Neptune Quartet: Table Top Joe
Tom Waits is an interesting subject for a week of covers, because his art is almost impossible to duplicate. Waits has a knack for portraying vagabonds, drunkards, and freaks in a way that is honest but sympathetic. Waits shows these characters with all of their warts, but he gives them their dignity. This delicate balance comes as much from Waits’ performance as his writing, so this quality is often lost in cover versions. But artists are drawn to his writing, so they must make these characters their own. Reinvention is almost always required, as we shall probably see for most of this week. But I keep hedging. That’s because I found this remarkable performance of Table Top Joe that largely preserves the feel of Waits original, while filling out the arrangement.

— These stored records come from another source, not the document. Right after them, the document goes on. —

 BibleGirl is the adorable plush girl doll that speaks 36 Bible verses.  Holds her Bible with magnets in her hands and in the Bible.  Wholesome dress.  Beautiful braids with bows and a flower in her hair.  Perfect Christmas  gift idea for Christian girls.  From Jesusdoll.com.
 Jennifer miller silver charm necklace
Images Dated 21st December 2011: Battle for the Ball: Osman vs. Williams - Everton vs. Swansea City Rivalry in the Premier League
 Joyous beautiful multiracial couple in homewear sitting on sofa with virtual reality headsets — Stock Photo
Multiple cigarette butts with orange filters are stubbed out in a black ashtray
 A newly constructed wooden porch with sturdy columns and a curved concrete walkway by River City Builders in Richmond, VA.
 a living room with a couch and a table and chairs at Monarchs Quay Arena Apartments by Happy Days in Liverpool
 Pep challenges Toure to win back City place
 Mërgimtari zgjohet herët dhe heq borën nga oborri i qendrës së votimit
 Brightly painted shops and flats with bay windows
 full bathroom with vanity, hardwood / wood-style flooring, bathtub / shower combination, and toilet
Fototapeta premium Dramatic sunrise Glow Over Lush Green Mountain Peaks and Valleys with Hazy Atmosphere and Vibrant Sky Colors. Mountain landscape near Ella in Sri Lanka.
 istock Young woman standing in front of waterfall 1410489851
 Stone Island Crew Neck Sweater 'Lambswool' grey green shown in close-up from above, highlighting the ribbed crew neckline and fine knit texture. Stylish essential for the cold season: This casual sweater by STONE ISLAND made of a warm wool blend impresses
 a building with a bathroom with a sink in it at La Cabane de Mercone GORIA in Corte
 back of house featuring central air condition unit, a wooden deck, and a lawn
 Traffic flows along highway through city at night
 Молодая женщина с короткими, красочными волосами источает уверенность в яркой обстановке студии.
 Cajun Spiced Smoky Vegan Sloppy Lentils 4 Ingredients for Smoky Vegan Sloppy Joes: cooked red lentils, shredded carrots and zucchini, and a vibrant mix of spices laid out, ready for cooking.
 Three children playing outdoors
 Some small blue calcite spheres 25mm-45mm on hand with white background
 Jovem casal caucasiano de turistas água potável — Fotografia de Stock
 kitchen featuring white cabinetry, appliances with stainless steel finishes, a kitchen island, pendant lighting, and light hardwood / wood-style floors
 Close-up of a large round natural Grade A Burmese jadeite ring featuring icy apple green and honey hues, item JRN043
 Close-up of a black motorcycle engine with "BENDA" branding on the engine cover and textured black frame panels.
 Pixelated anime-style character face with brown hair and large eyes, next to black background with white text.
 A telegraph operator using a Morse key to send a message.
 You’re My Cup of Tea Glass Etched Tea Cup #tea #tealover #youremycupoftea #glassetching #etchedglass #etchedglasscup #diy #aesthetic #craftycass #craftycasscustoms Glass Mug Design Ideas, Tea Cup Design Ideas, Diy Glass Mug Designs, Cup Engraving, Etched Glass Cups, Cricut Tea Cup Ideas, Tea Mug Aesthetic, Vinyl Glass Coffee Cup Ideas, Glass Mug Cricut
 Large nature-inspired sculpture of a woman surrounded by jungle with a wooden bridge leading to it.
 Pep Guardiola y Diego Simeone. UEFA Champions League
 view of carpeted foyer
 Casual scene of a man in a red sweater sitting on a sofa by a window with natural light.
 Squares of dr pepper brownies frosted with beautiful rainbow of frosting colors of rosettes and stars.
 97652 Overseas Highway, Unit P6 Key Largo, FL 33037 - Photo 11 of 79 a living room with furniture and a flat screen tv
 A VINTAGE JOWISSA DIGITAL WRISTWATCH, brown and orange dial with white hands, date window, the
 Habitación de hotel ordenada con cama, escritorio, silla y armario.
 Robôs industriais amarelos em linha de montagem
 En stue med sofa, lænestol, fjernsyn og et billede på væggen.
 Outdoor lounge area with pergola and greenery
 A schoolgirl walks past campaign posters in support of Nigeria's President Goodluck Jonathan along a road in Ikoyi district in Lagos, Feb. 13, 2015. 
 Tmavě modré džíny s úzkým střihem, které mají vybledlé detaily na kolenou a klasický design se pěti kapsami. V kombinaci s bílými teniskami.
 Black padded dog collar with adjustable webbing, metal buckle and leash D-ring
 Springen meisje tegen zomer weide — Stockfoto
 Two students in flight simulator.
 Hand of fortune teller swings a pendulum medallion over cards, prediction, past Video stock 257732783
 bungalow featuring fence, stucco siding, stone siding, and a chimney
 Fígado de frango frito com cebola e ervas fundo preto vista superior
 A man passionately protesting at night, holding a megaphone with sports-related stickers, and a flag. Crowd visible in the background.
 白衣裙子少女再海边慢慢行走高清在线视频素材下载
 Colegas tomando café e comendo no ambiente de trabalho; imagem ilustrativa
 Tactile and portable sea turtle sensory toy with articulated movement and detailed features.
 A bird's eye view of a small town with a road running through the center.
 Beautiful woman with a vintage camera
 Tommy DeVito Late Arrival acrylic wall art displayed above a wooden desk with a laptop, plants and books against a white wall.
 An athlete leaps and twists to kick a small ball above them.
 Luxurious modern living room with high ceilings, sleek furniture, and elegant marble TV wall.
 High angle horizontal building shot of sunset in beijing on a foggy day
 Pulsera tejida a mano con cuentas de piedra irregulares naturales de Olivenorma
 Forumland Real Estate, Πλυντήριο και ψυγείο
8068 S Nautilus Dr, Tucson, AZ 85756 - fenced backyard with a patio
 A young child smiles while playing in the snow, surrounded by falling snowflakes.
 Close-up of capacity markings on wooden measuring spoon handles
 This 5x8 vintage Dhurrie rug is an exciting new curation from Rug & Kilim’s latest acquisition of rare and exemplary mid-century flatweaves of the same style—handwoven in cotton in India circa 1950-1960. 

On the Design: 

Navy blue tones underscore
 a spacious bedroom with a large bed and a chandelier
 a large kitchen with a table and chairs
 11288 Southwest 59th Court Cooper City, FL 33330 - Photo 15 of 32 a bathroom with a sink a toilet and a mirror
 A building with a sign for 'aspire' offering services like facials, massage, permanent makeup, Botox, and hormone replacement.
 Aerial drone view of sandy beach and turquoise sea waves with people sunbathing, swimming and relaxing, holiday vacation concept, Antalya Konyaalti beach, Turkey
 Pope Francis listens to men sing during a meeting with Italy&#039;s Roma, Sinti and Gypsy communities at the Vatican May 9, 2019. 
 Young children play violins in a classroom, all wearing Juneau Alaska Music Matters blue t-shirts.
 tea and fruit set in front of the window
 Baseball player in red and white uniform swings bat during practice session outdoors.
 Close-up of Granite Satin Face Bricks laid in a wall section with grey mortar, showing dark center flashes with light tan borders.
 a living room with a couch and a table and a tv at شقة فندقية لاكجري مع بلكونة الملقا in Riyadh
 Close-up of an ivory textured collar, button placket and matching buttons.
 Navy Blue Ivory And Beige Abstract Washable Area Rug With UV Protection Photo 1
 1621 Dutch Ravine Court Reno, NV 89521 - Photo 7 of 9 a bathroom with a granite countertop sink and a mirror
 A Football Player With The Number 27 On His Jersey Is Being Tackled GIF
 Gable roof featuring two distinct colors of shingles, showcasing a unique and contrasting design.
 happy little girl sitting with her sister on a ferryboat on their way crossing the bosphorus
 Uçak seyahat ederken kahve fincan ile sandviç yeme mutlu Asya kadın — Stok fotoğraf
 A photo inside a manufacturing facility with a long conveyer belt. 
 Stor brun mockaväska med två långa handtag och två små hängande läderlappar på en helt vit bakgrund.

In fact, for all of the reasons I mentioned above, Table Top Joe is one of the most unlikely Waits songs for anyone to cover at all. The title character is based on the life of Johnny Eck, who was born with the lower half of his body missing. That’s a picture of Eck above. Even the thought of it is enough to make a person uncomfortable. Eck appeared in the notorious cult horror film Freaks, and he wanted to appear in another film as a mad scientist’s monster. Yet, Tom Waits focuses on Eck’s hopes and dreams, and finds his essential humanity The real life Eck accomplished many things that most people would have considered impossible for him, including conducting an orchestra. He also spent most of the Great Depression working in circus and carnival freak shows. By all accounts, Eck never lost his optimism until a robber took advantage of his physical limitations when Eck was in his seventies. He never seemed to accept the word impossible, and that is what Tom Waits sees in him.
Neptune Quartet is normally an instrumental group, but, for their version of Table Top Joe, they added singer Wes Ivankovich. Neptune Quartet arrange the song for guitars, mandolin, bass, and accordion, in a way that Tom Waits might have done if he thought of it. Ivankovich delivers a vocal that is somewhere between Tom Waits and Dr John, if you can imagine, and it all works beautifully.